Resurfacing/Re-enameling

In recent years there have been many toothpastes which claim to “resurface” teeth. The science behind this is that the added microscopic particles calcium, phosphate and carbonate in the toothpaste penetrated minor flaws in the tooth surface, where they bond with the natural structure of the tooth enamel. This, it is claimed, makes the tooth surface smoother and less likely to decay or allow plaque to stick. The other benefit is that such “repairing” minerals will bond to the tooth and help to reduce sensitivity. Fluoride helps in this remineralising process.

Again the benefits of such toothpaste are small in comparison to the importance of proper cleaning. These toothpastes include “Pronamel” and “Repair and Protect”.

 

 

Sodium Lauryl Sulphate

This is added to many personal care products, including many toothpastes, as a detergent. There is some controversy over its possible toxic effects, but it is reckoned to be safe at the levels it is found in toothpastes and shampoos, etc. (Otherwise it would not be used.) You can read all the debate about it – as with most things – on the internet.

If you are concerned about sodium lauryl sulphate, there are alternative toothpastes. (E.g. Biotene, sensodyne, and Tom's

 

Natural/Herbal Toothpastes

There are a large number of herbal toothpastes which are becoming increasingly popular for a variety of reasons. For example some people are concerned or even sensitive to some ingredients in regular toothpastes. They also appeal to those who are concerned about the environment. Many of these have flavourings other than the mint some people do not like in most available toothpastes.

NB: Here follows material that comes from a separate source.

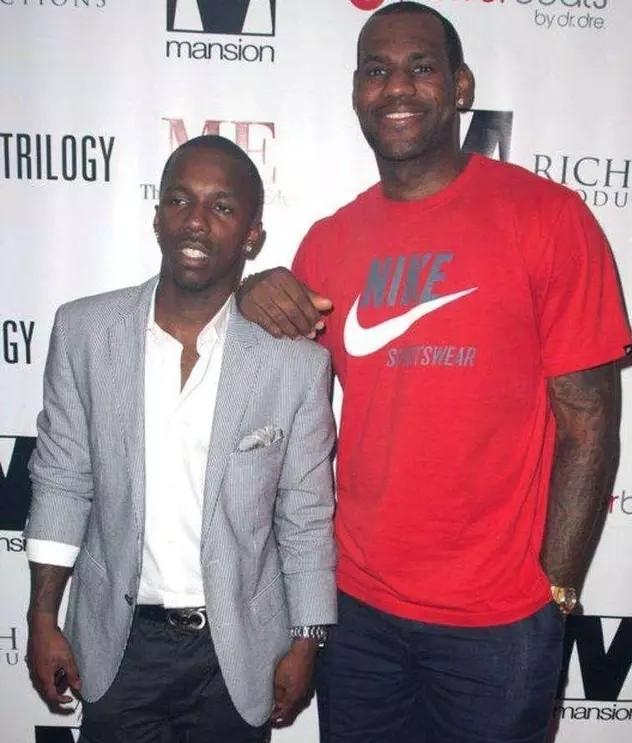 一只猫咪闯入罗马赛前发布会，加斯佩里尼：让它替我回答！（罗马赛前发布会遭猫乱入，加斯佩里尼：让它替我答！）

Some of these natural toothpastes are even fluoride-free. However no dentist would recommend using a fluoride-free toothpaste. I shall write a piece on fluoride soon, which will show the 5 beneficial ways in which fluoride helps to prevent dental decay. For example there is a range of toothpastes made by Kingfisher and Tom’s of Maine Anticavity Toothpaste Children Strawberry. 

As I wrote at the top of this article, toothpaste is a medicine. In the last 2 years dentists have been able to prescribe toothpaste with higher concentrations of fluoride, than can be bought over the counter, to their patients whom they assess as having higher than average risk of decay.